The problem? Consumers knew Sbarro as a pizza concept. 

It’s difficult for restaurants to broaden consumer perception of what they are about. The U.S. restaurant industry is saturated. Consumers increasingly view restaurants for specific types of menu items. 

You can call yourself an Italian eatery and add more pasta to your menu, but consumers still view you as a pizza place and they’ll take the slice.

“We really struggled to figure out how we grow this brand again, because at the time they considered themselves an Italian eatery,” Karam said. “We did a lot of consumer research. The recognition of the brand was phenomenal. But what people really knew Sbarro was for pizza, New York-style pizza, and specifically pizza by the slice.

“I kind-of figured that’s a pretty good place to call home.”

“We have a debt-to-EBITDA ratio of one to one. When I started it was probably 150 to 1.” -David Karam

Less debt, more focus

It would take a while, and feature a couple of failed ideas, but Sbarro reconfigured its brand position to focus on what the chain is known for, pizza by the slice. 

“It’s the segment of the market that we really historically have dominated,” Karam said. “By far, we’re the biggest player in that space today.” 

The problem, however, is that there are only so many places where consumers get pizza by the slice.

There are a lot of places U.S. consumers can buy pizza. But in contrast to the early days of Sbarro’s history, the bulk of that pizza is consumed at home. Consumers either have it delivered or, more likely, they go and pick it up. 

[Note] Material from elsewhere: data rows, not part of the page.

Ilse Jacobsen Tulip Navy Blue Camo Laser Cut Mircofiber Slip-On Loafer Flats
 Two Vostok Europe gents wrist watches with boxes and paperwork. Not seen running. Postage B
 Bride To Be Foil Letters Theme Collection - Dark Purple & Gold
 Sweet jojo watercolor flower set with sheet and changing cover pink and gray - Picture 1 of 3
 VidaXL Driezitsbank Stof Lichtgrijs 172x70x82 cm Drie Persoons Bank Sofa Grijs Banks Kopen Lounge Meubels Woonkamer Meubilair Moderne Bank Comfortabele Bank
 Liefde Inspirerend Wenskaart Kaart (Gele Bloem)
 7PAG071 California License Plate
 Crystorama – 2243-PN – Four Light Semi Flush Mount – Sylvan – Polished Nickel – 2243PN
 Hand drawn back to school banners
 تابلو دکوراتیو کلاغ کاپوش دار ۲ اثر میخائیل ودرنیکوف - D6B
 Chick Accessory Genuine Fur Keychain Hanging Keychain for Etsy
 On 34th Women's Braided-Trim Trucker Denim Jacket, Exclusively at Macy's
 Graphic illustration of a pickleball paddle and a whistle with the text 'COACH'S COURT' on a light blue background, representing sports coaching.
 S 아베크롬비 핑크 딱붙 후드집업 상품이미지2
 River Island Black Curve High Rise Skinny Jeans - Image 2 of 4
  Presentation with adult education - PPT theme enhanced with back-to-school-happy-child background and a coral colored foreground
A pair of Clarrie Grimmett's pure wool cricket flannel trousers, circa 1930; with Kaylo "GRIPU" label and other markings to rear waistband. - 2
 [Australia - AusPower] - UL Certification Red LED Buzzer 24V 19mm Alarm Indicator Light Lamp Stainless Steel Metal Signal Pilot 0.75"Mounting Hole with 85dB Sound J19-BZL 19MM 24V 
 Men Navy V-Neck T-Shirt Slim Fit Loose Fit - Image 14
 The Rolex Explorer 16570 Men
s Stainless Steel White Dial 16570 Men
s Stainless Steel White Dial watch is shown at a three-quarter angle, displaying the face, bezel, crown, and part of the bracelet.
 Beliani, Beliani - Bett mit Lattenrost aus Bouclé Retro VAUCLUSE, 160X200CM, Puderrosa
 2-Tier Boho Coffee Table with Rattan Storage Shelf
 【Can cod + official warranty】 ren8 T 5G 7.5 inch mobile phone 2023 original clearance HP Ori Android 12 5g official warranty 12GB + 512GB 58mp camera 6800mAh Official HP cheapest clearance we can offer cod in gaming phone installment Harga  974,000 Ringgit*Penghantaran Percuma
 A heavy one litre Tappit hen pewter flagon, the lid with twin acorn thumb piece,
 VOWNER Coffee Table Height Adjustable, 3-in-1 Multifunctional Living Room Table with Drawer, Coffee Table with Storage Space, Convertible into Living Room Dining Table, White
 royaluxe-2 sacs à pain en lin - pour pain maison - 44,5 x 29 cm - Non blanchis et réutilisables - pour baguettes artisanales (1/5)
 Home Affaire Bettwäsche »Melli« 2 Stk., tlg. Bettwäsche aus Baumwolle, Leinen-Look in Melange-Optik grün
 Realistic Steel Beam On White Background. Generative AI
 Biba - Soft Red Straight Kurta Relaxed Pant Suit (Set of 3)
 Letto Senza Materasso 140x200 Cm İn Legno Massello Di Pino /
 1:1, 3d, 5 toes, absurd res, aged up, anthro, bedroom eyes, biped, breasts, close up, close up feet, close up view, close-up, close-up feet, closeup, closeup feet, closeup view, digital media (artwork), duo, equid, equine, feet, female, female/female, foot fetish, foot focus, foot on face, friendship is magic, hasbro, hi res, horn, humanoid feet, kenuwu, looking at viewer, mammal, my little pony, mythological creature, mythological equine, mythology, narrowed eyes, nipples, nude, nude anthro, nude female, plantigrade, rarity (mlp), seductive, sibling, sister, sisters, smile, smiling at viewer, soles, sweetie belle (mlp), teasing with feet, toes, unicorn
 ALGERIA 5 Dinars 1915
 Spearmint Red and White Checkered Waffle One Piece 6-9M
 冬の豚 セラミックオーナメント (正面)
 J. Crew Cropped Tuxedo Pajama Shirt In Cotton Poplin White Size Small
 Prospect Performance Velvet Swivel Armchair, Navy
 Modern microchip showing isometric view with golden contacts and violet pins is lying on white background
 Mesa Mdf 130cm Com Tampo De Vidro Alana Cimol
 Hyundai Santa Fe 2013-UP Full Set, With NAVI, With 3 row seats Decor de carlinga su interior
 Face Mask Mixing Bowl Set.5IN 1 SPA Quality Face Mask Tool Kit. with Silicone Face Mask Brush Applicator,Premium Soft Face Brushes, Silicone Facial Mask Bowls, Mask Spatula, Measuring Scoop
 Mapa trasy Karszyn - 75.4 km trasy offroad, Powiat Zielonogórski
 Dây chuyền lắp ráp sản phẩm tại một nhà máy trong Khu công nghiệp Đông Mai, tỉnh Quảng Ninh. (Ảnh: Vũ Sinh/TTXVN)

There are more competitors, too. The convenience store Casey’s and the warehouse retail giant Costco are likely two of the six biggest sellers of prepared pizza in the U.S., for instance. 

Few of them operate in malls, but that limitation has not gone away. “It just didn’t give us much of a growth opportunity,” Karam said. 

But there are other places where consumers might want a slice of pizza. Convenience stores, travel centers, truck stops, universities, casinos, military bases and other venues. “We’re playing in categories,” Karam said. 

The tightened focus and the broadened real estate strategy has helped the company expand, in the U.S. and globally. 

The company now has about 800 locations. It remains smaller than it was at its peak, but it’s adding locations every year. It expects to add 140 to 150 locations worldwide this year. 

In fact, Karam can’t tell exactly which location was the 800th, or even what type of concept it was. “We did a press release with all the above,” he said. “We opened a store in a military base in Fort Campbell Kentucky. We opened a mall location in California. We opened a convenience store in Oklahoma and a convenience store in the United Kingdom.

“So we’ll let them fight over who got the 800th.”

Note one of those was in a mall. “We want to be in malls,” he said. “But malls globally are only about 25% of our growth. It’s a different business today.”

That difference is also evident on the balance sheet. Karam has since acquired the chain. It is back to being family owned. And it has little debt. “We have a debt-to-EBITDA ratio of one to one,” Karam said. “When I started it was probably 150 to 1.”

That should help it avoid its dual-bankruptcy fate.

“Hopefully I have a chance to pass it on to the next generation of family members and just continue to manage the brand for the long run,” Karam said.